Reflections on Reconciliation: How Rwanda and My Patients Mess Me UpLeave a comment
April 7, 2014 by The Jailhouse Doc
I have just been reminded by countless thoughtful and sobering articles that this week marks the twenty year anniversary of the beginning of the Hutu-Tutsi genocide in Rwanda which massacred over a million people in the span of weeks. It was a grotesque event, that the entire world stood back and watched take place without taking action. The most shocking and overwhelming articles circulating was a collection of photographs of victims standing side by side with their perpetrator. Each photo had a brief summary of their story: the Hutu who attacked the Tutsi’s family, burning property, maiming and killing family members. The process of how the perpetrator came to understand their guilt, and the process of forgiveness and reconciliation as the perpetrator sought forgiveness from the victim to whom he had inflicted such severe harm. Some have now developed such a level of reconciliation as to depend on each other for daily needs, such as building homes for those whose homes had been destroyed.

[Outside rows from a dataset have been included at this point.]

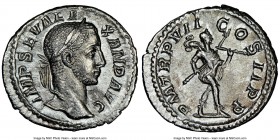 Severus Alexander (AD 222-235). AR denarius (19mm, 7h). NGC AU. Rome, AD 228. IMP SEV ALE-XAND AVG, laureate head of Severus Alexander right / P M TR ...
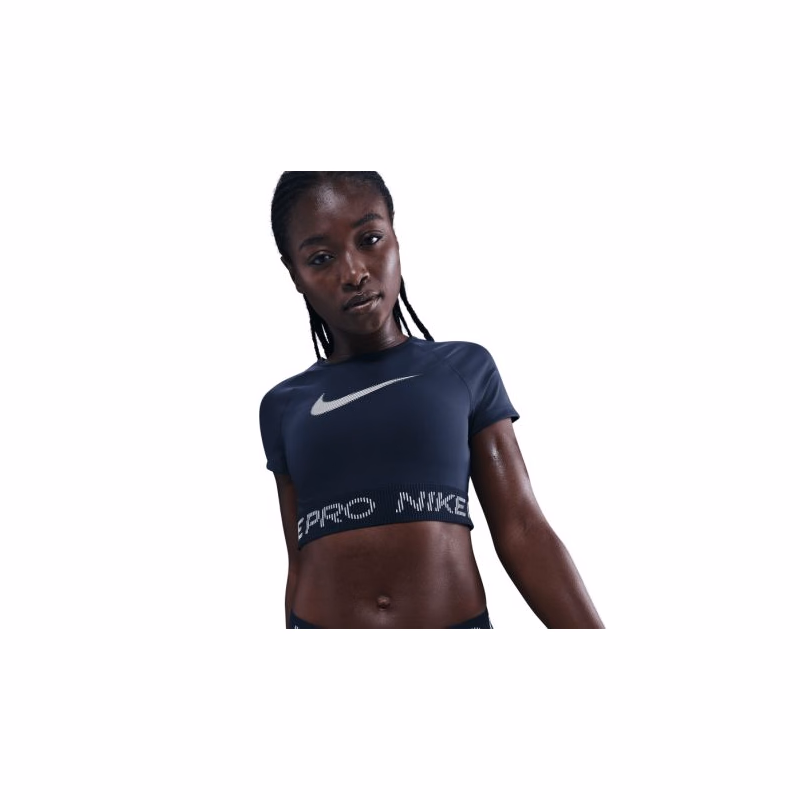 Dámske tréningové tričko s krátkym rukávom NIKE PRO W NP DF SS TOP TT GRX MIDNIGHT NAVY FOOTBALLGREY WHITE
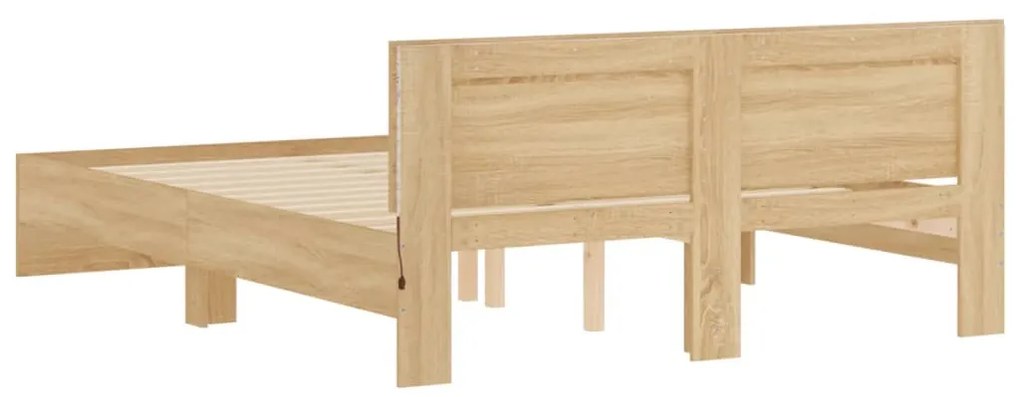 Estrutura cama c/ cabeceira/luzes LED 150x200cm carvalho sonoma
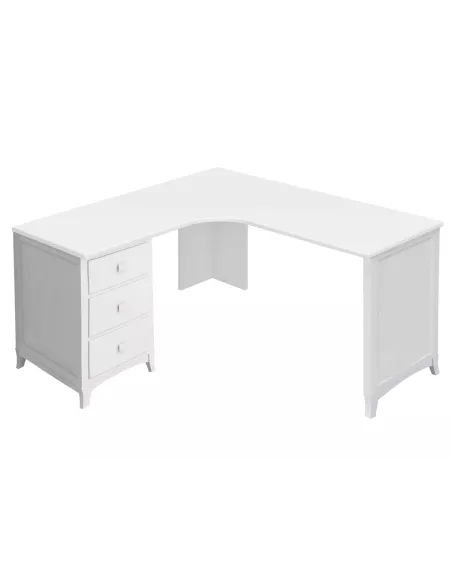 Scrivania angolare con cassetti sinistra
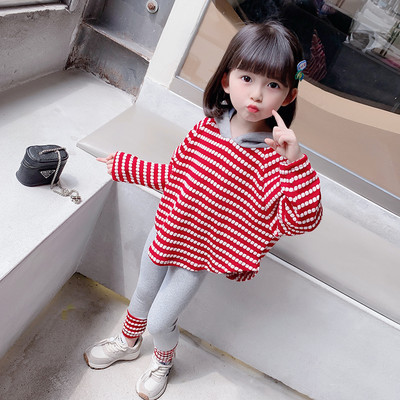 Set copii din doua piese - jambiere si bluza cu dungi pentru fete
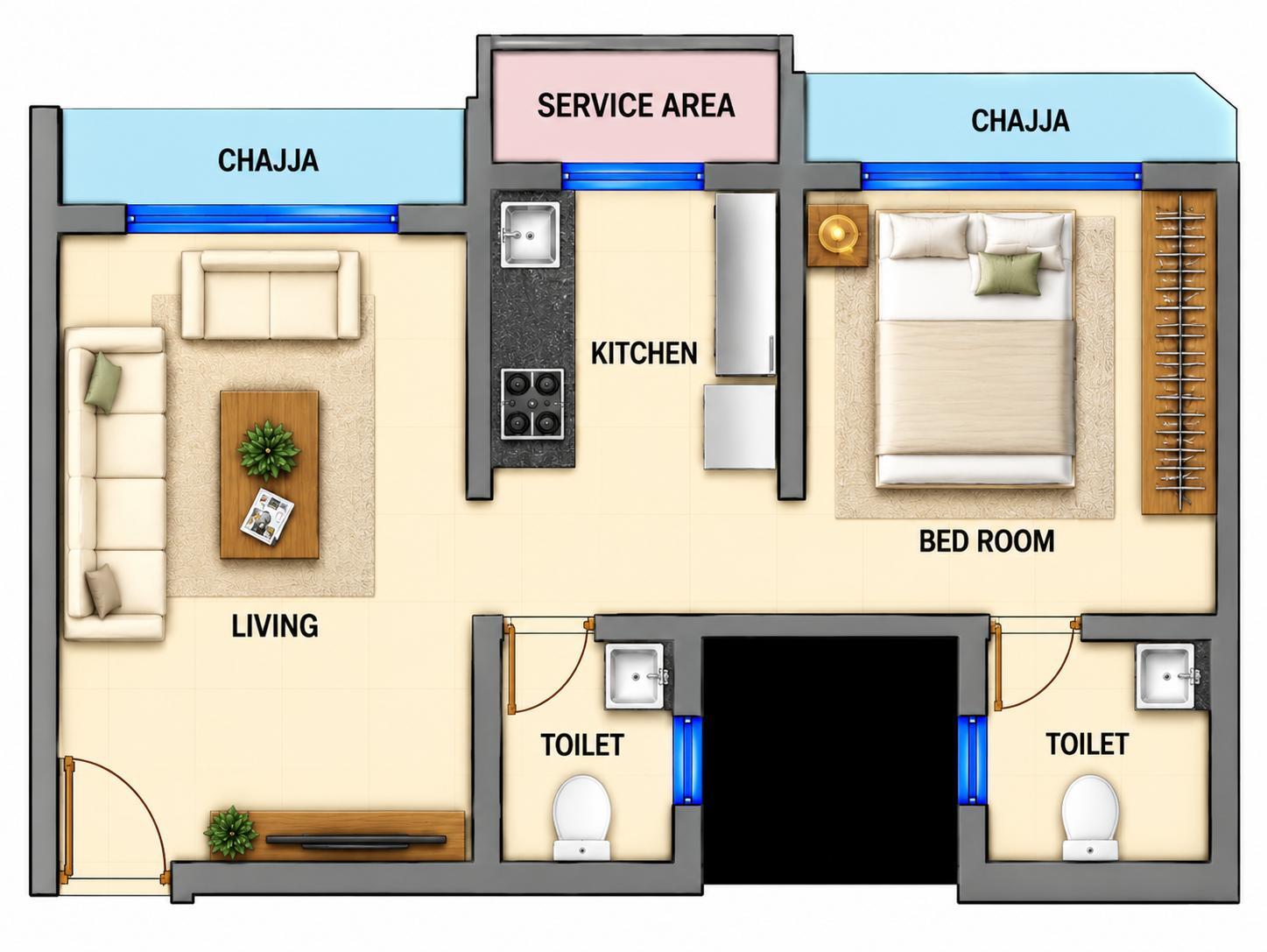 1BHK Ultra Luxury floor plan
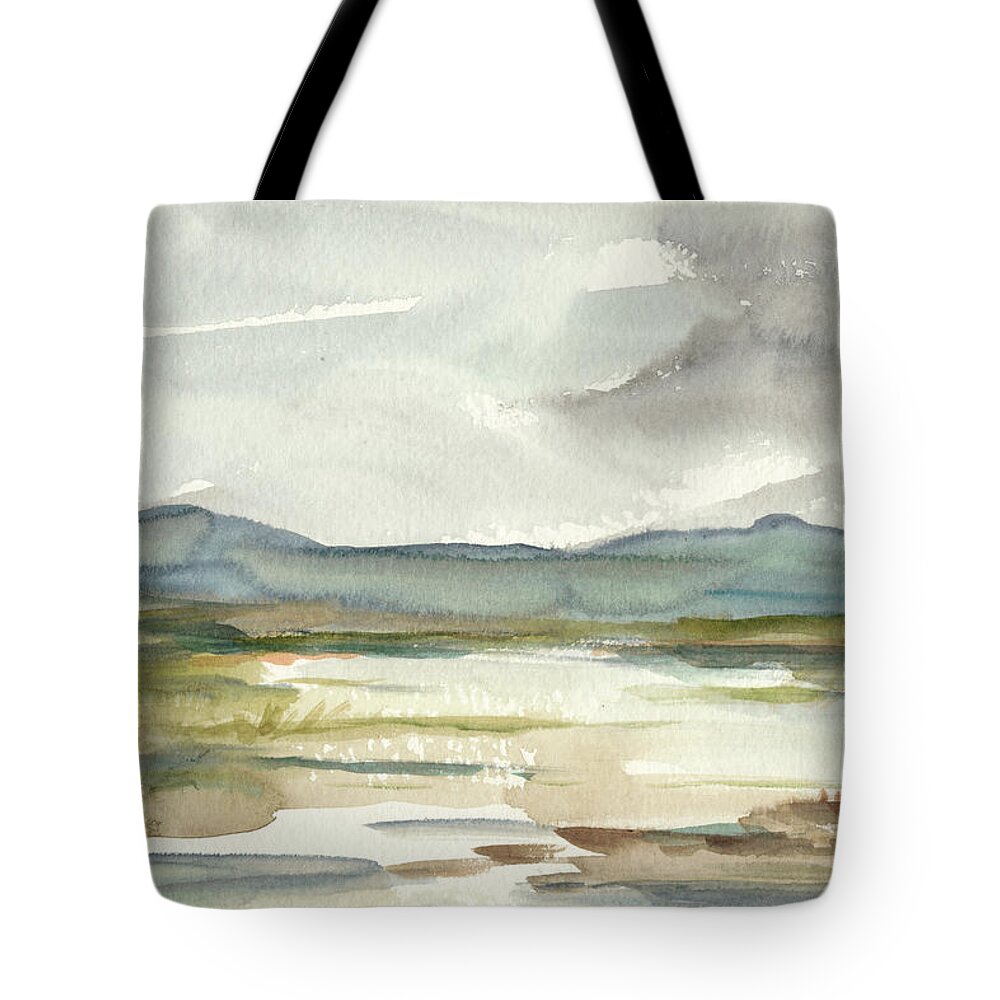Landscapes Tote Bag featuring the painting Overcast Wetland I #1 by Ethan Harper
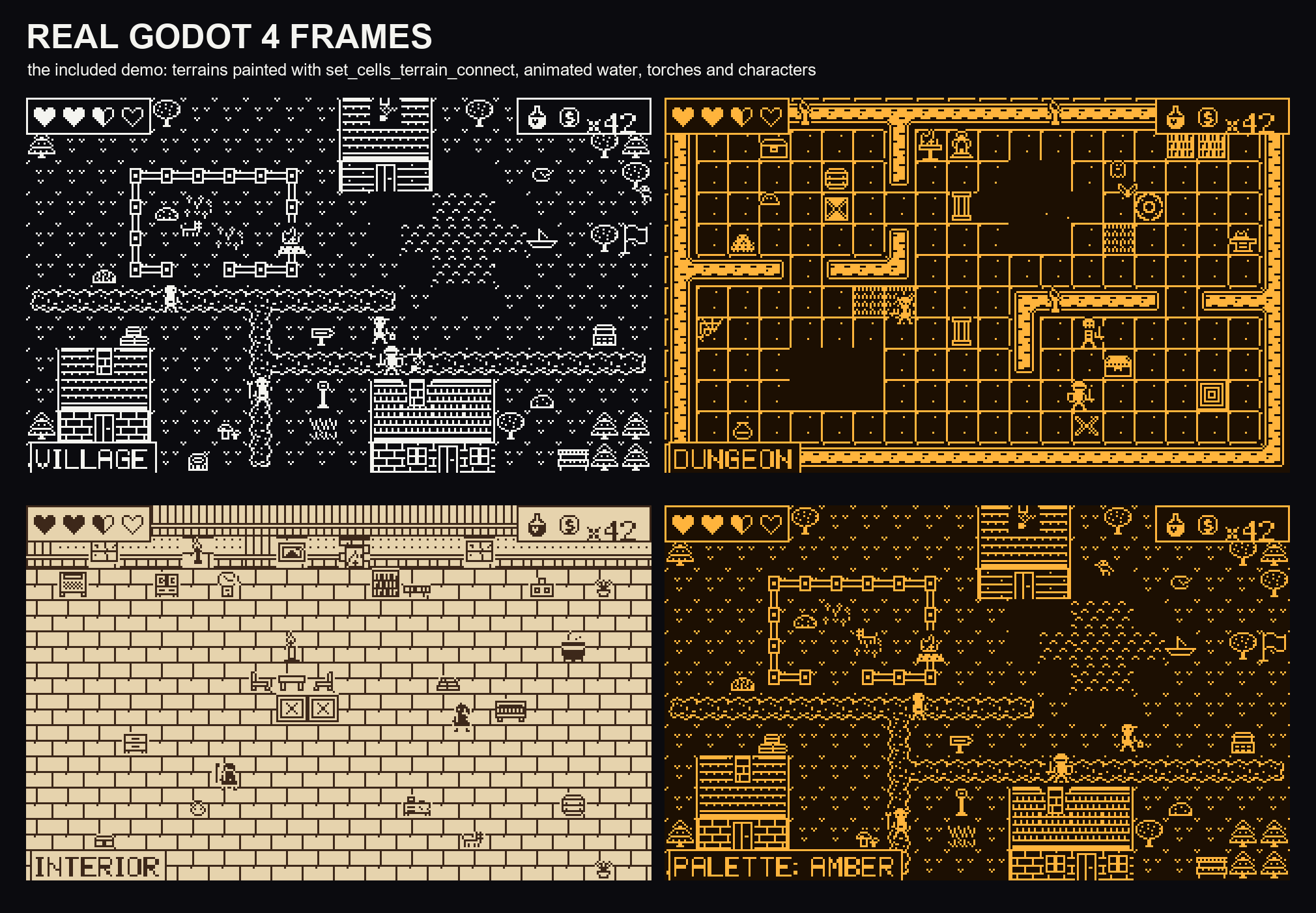 1-Bit Pixel Pack (1,712 Tiles, Characters & Icons, 16x16) by Willosuna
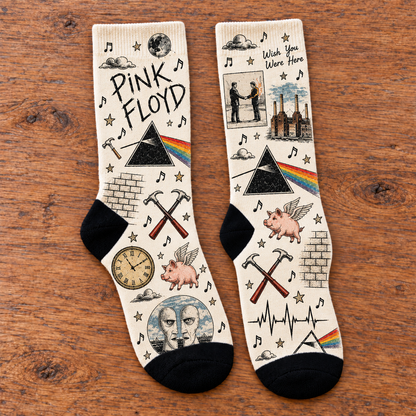 Pink Floyd Middle Tube Socks - Dark Side of the Moon & The Wall Printed Socks, Progressive Rock Fan Gift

What’s so shocking about the photos is that what they depict seems impossible. You really can’t picture yourself in that kind of story. Imagining the depth of despair felt by losing your loved ones and livelihood. The hatred, grief, anger and bewilderment. The thought of then forgiving and then reconciling? It’s not in our bones. It’s not the American Way. Justice is The American Way. Yet our understanding of justice ends with a punishment worthy of the crime, which if the online jury of the American public had their way, would always consist of the perpetrator rotting in hell (prison) for all of eternity. It’s partly why there was such a sense of injustice when the man who enslaved three women in Detroit for years managed to commit suicide after serving months of his life sentences. He never paid for his crimes. He never suffered as the women suffered.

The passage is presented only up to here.